For All These Things

Leviticus 19:27 for all these things were done by the people who lived in the land before you, and the land became defiled.

Have you ever wondered why your parents made the rules they did for you? Why was that out of bounds? Why couldn’t you run with scissors in your hands? Why was looking both ways so important before crossing the street? Why was hanging upside down from a tree branch off limits! It was fun!

Behind every one of those rules, if you dug for it, there was a story of hurt and tragedy. Some kid was just being a kid and they got hurt running with scissors, hit by a car, fell from the tree. And parents just want to keep their kids safe! Right?

Our text is near the end of a chapter that almost never is read out loud in the congregational setting. In fact, kids are not encouraged to read this chapter, if parents have anything to say about it, at least until they are older. It is a chapter about forbidden sexual relationships. Most of it would be considered incest today.

But why did these practices become forbidden for the Israelites? Were they practicing them, and being rebuked? Why spell out in such detail all the relationships that were forbidden in such detail?

Our text tells us plainly. These were practices done by the neighboring cultures of that day. The LORD was helping form a community that was different from those cultures. And one of the ways they were to be different was in their sexual practices.
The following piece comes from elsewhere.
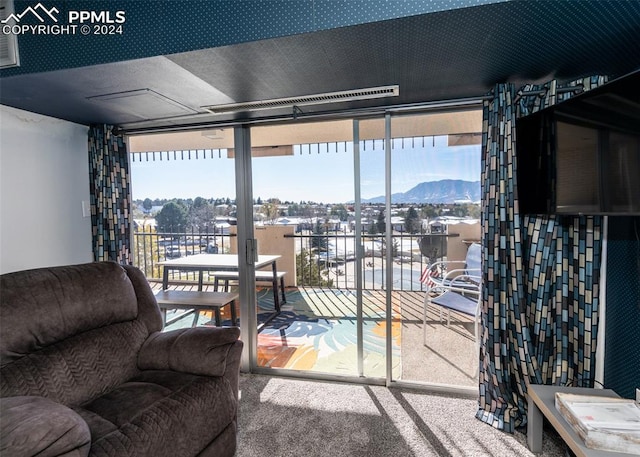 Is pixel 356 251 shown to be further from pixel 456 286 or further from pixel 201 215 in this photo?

You see, sexual intimacy was meant to be in one relationship only, husband and wife. All these other combinations were off limits. It isn’t about genetic abnormalities. It is about the damage that would be done to relationships, about breaking the familial bonds. The LORD wants to create a new kind of family where sex becomes sacred and families are preserved.
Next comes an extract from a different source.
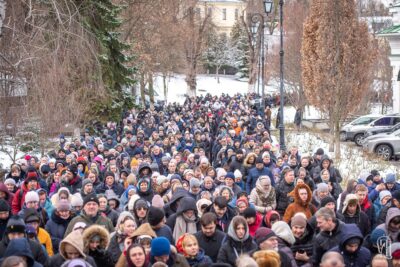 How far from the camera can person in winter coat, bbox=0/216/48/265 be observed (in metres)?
7.54

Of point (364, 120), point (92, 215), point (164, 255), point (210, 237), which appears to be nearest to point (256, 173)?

You might say that these types of hookups don’t happen these days. You would be wrong. Having sat in the chair as a Therapist and listened to the messes people make of their lives for many years, I can assure you, people are still doing these kinds of things.

The unsettling part is that our culture, or at least certain segments of our culture, is embracing some of these connections. And our text tells us that for the Israelites, these practices defiled the land itself, and the land vomited out the inhabitants. Is our land going to vomit us out because of these practices?